■ **Problem requirements**
This task calls for the lines below starting at the one containing "Набор по уходу" and ending at the one containing "HOTWAV Hyper 7", repeated exactly with both ends kept and pictures left out.

■ **Dataset records**
↓↓↓

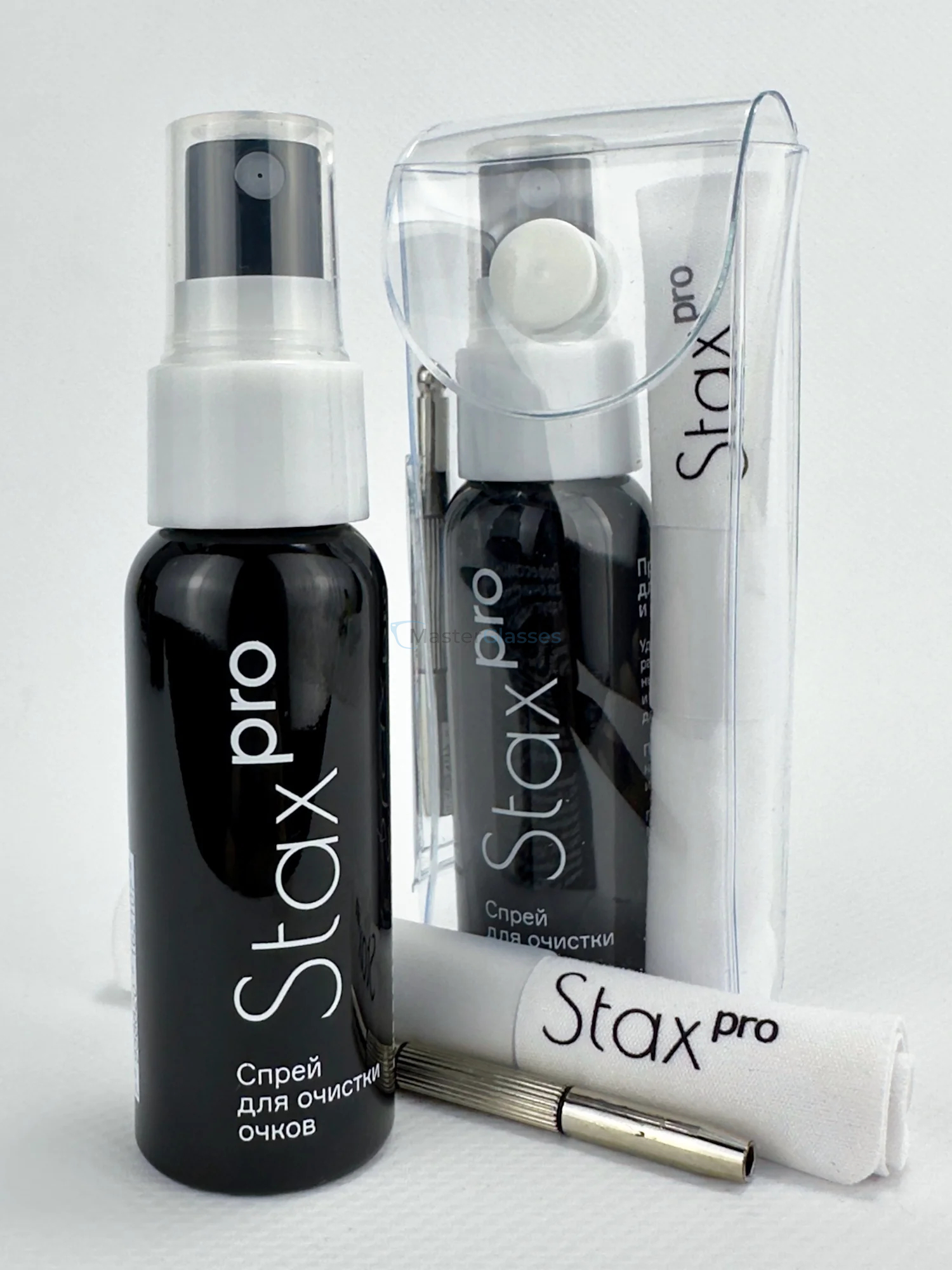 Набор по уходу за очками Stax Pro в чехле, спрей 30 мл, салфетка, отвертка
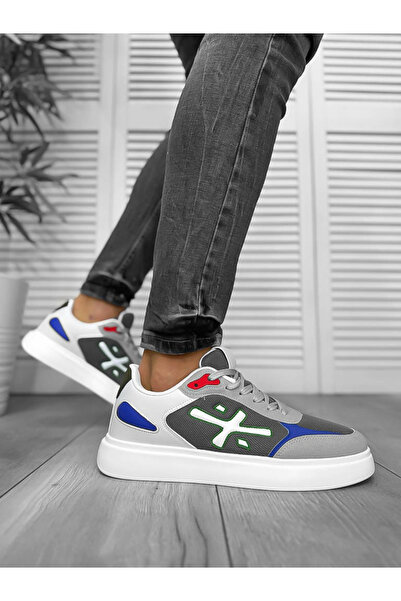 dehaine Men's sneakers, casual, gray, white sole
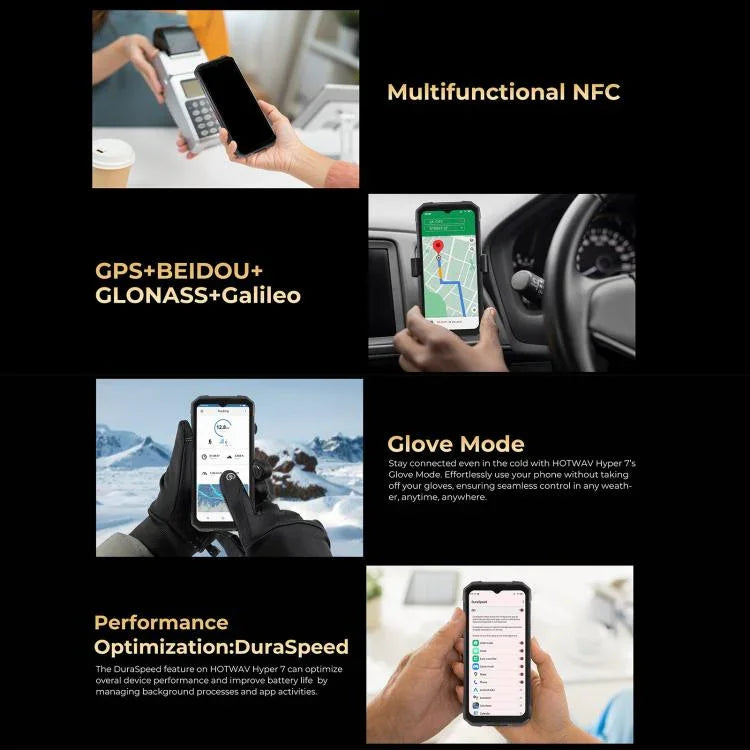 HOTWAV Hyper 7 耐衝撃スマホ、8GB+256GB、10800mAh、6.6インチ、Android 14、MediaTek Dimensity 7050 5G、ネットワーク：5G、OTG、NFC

↑↑↑
↓↓↓

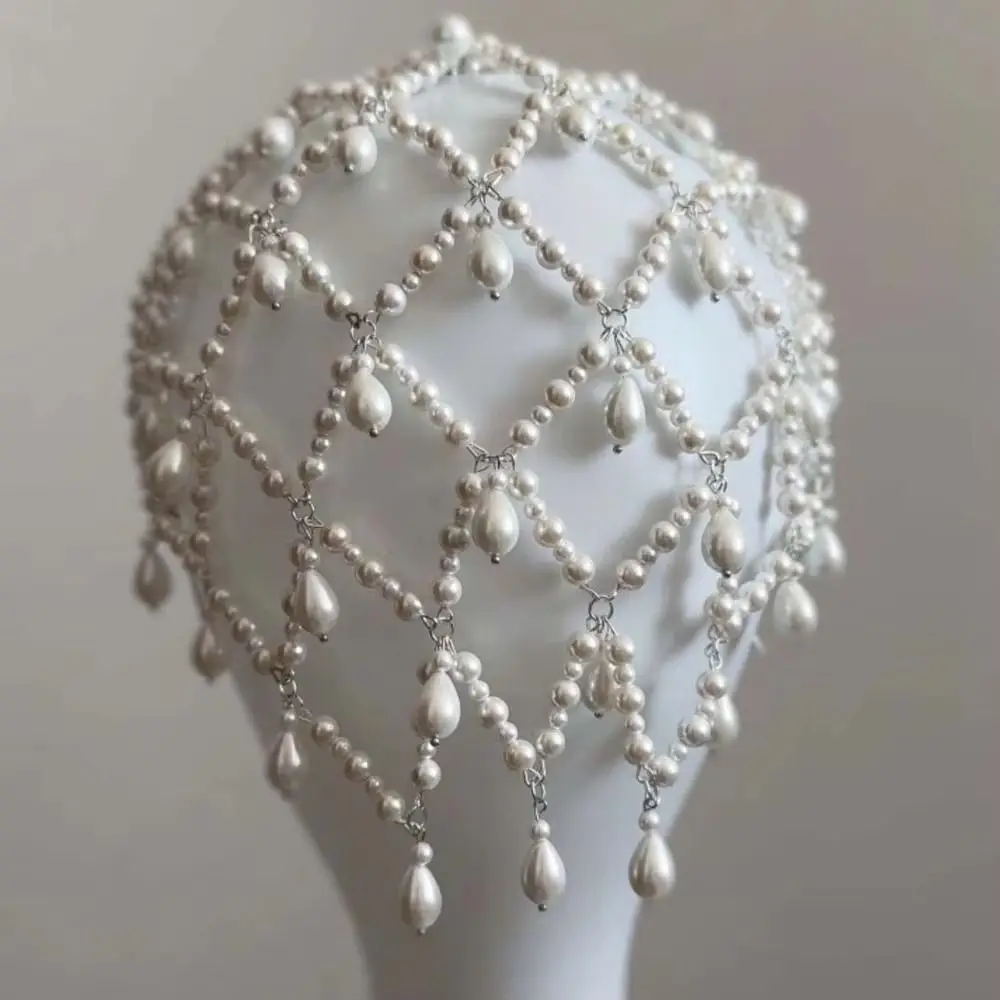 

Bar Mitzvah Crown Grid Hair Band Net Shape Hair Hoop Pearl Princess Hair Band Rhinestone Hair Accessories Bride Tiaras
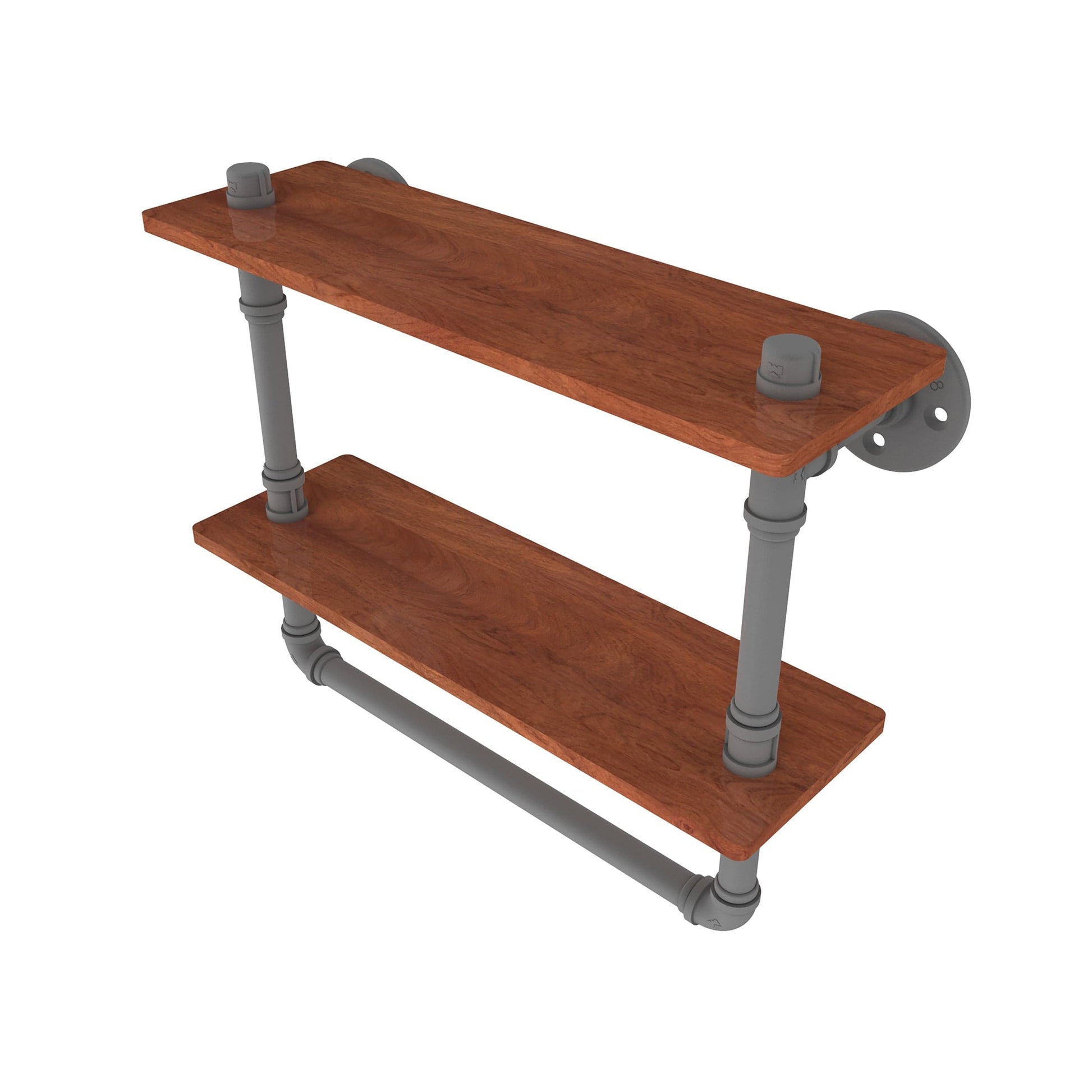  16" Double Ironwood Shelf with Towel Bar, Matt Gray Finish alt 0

↑↑↑

■ **Answer space**
 Набор по уходу за очками Stax Pro в чехле, спрей 30 мл, салфетка, отвертка
 dehaine Men's sneakers, casual, gray, white sole
 HOTWAV Hyper 7 耐衝撃スマホ、8GB+256GB、10800mAh、6.6インチ、Android 14、MediaTek Dimensity 7050 5G、ネットワーク：5G、OTG、NFC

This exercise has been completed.